**What this task involves**
Using the data that follows, give again word for word the lines between the one holding "mixte finition Carte" and the one holding "Камуфлирующая база с", inclusive. Omit the pictures.

**Records shown**
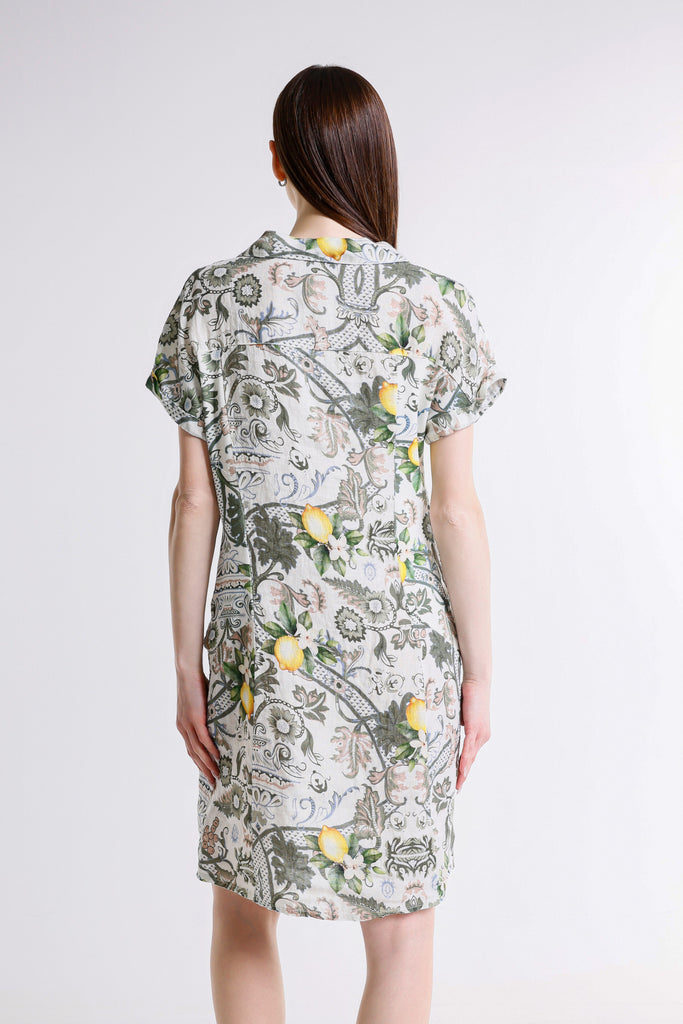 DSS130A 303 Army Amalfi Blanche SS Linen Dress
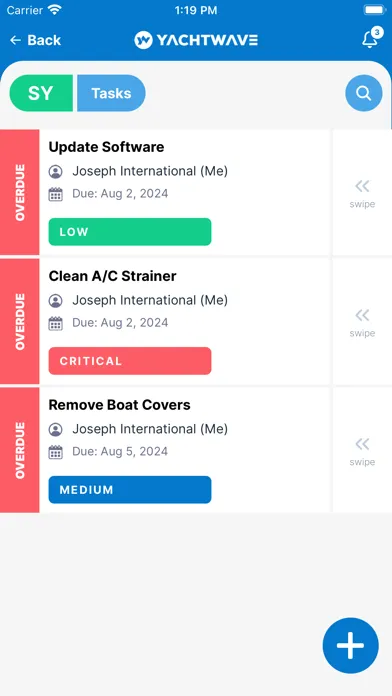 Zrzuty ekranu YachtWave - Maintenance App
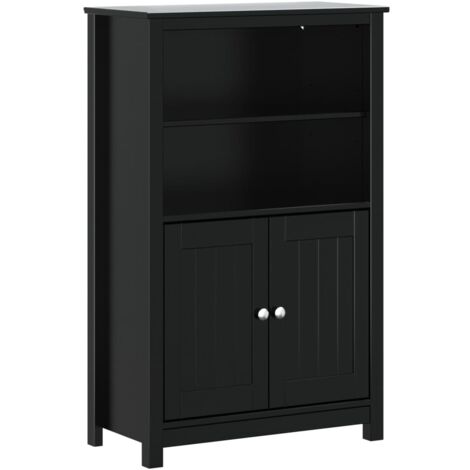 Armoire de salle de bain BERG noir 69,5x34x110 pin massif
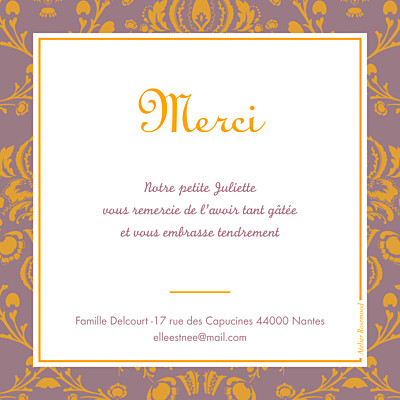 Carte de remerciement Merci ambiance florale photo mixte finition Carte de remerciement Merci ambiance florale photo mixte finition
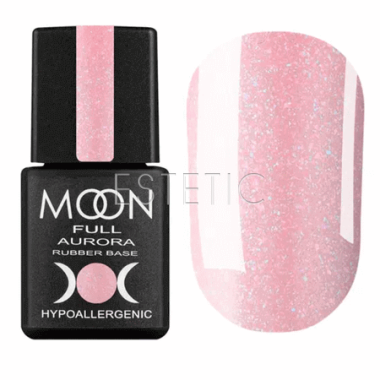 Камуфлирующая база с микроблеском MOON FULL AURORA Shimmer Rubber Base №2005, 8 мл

...

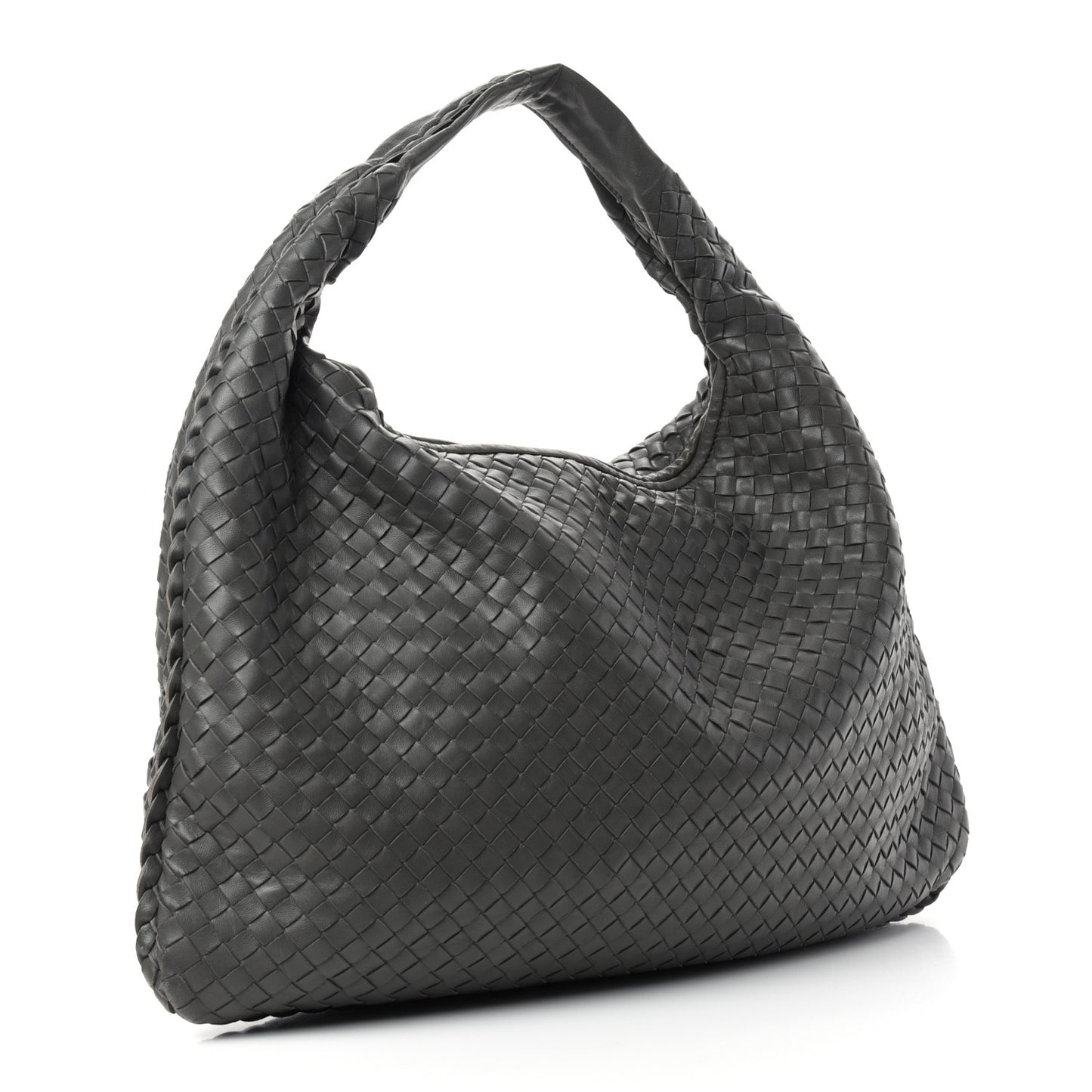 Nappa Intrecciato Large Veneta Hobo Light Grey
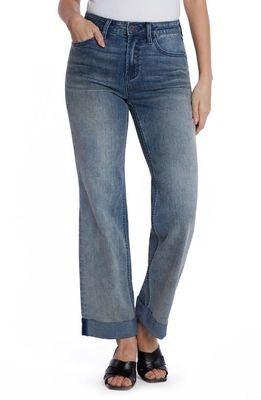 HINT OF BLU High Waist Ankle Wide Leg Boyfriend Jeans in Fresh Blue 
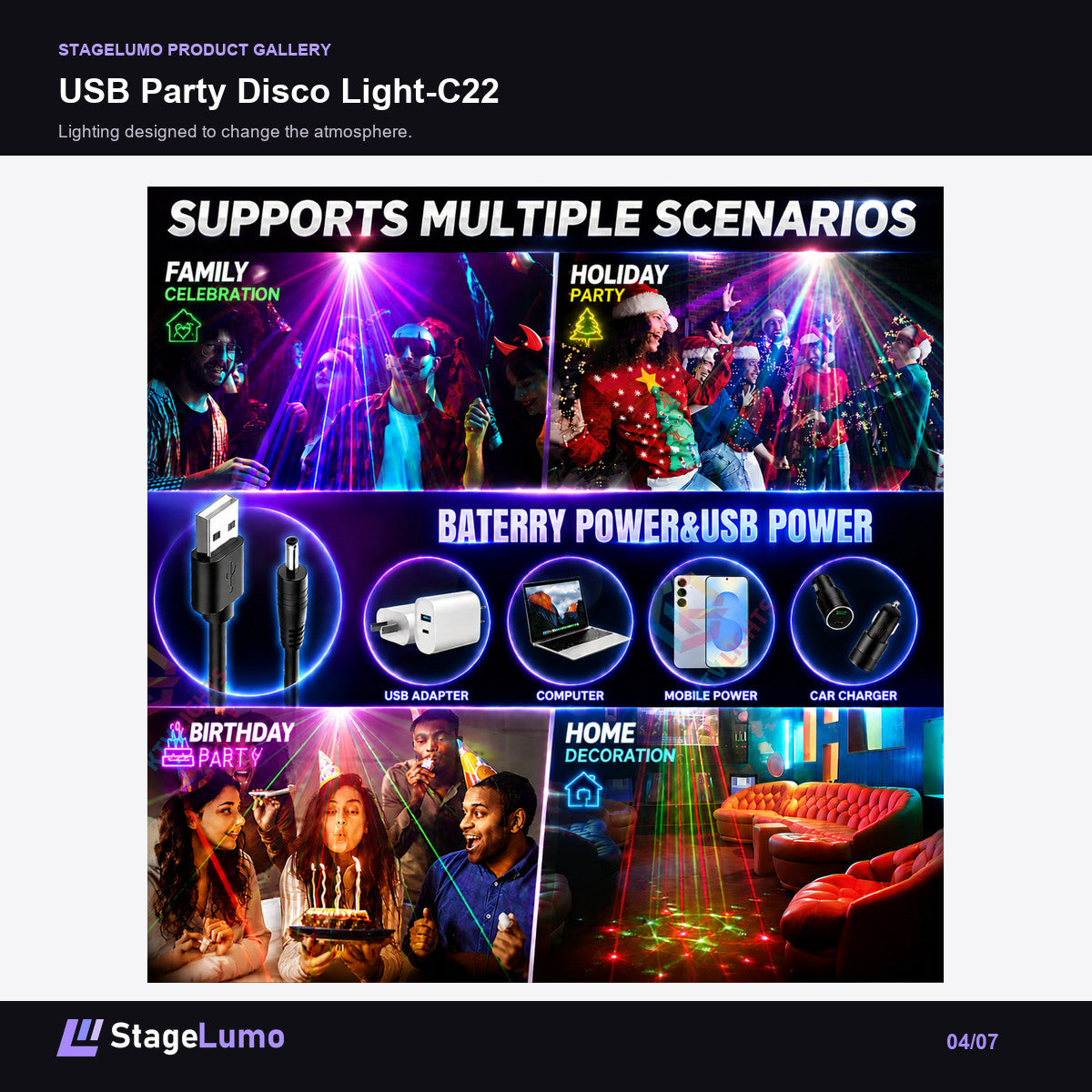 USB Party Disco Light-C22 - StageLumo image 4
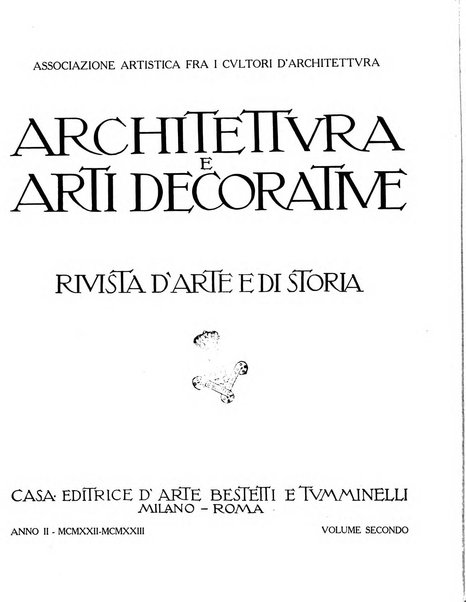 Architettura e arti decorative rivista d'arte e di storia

**Solution to this task**
 Carte de remerciement Merci ambiance florale photo mixte finition Carte de remerciement Merci ambiance florale photo mixte finition
 Камуфлирующая база с микроблеском MOON FULL AURORA Shimmer Rubber Base №2005, 8 мл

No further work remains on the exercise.